Lenten campaign invites Catholics to confession
By Michelle Bauman

.- A pastoral initiative in the nation's capital this Lent will encourage Catholics to experience God’s love and mercy through the Sacrament of Reconciliation.

“Lent is a time to heal,” said Cardinal Donald W. Wuerl of Washington, D.C.

The cardinal announced that his archdiocese will once again take part in a penance campaign known as “The Light is On for You” and will be joined by the faithful of Arlington.

All Catholic churches in the Archdiocese of Washington and the Diocese of Arlington will be open for Confessions and silent prayer every Wednesday during the season of Lent from 6:30 p.m. to 8:00 p.m.
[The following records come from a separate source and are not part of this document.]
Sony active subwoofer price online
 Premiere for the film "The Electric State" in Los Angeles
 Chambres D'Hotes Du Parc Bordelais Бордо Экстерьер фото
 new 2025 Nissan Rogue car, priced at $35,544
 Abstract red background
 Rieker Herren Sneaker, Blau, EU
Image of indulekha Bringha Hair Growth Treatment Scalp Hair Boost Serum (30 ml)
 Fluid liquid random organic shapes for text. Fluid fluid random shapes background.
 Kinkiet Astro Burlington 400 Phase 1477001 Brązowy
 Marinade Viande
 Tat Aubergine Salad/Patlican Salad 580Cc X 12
In an online video, Cardinal Wuerl discussed the campaign as an opportunity for the faithful to deepen their relationship with Christ by uniting themselves to his merciful love, which “absolves us from our faults.”
 
He invited all Catholics, especially those who have fallen away from the Church or the Sacrament of Penance, to experience “a renewal of spirit through the gift of confession.”

The campaign, which has become an archdiocesan tradition, originally started in 2007. Other dioceses across the U.S. and Canada have introduced similar efforts based on it.

The initiative’s website, www.thelightison.org, offers resources including a guide to confession, examinations of conscience and frequently asked questions about the sacrament.

“The Sacrament of Reconciliation is the story of God’s love that never turns away from us,” said Bishop Paul S. Loverde of Arlington in a video explaining the Lenten campaign.

The Sacrament of Reconciliation is a “tangible instrument” that allows us to truly “experience” God’s forgiveness, he said.

Through the sacrament, we can “experience God’s love that heals us, forgives us, strengthens us and sets us free,” he explained.

The bishop urged Catholics not to fear that their sins are too horrendous for God to forgive.

“His love is bigger than all the sins of humanity put together,” he stressed, adding that the priest will help those who do not remember how to go to confession.

Bishop Loverde pointed to examples of Christ’s mercy in the Scriptures, including the parable of the prodigal son, the forgiveness of the woman caught in adultery and the promise to the repentant thief on the cross.

God will also forgive our sins if we come before him with “an open heart” and desire to do better, he said.

He urged those who have fallen away from the sacrament to “come back home” and allow this Lent to be “a new springtime” for all members of the Church.